▸ **Problem to solve**: Every line below between the one holding "ABS sentral til" and the one holding "319 Engle St, Chester PA 19013-2509 exterior", inclusive, should be copied exactly, and no other line.

▸ **Dataset records**:
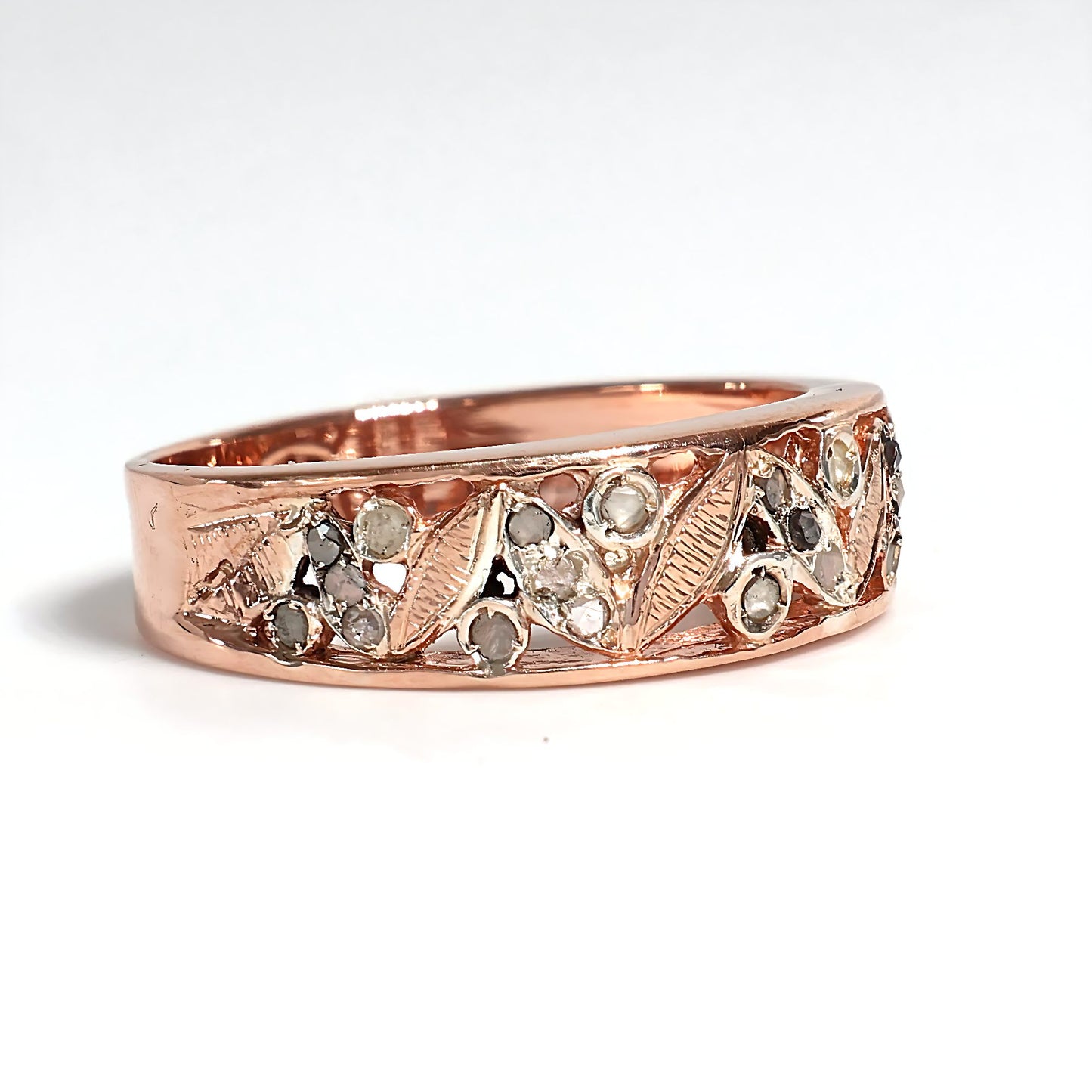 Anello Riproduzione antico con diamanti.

---

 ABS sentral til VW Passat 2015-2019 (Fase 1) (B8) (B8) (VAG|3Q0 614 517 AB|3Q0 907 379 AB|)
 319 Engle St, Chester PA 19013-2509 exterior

▸ **Result of the task**:
 ABS sentral til VW Passat 2015-2019 (Fase 1) (B8) (B8) (VAG|3Q0 614 517 AB|3Q0 907 379 AB|)
 319 Engle St, Chester PA 19013-2509 exterior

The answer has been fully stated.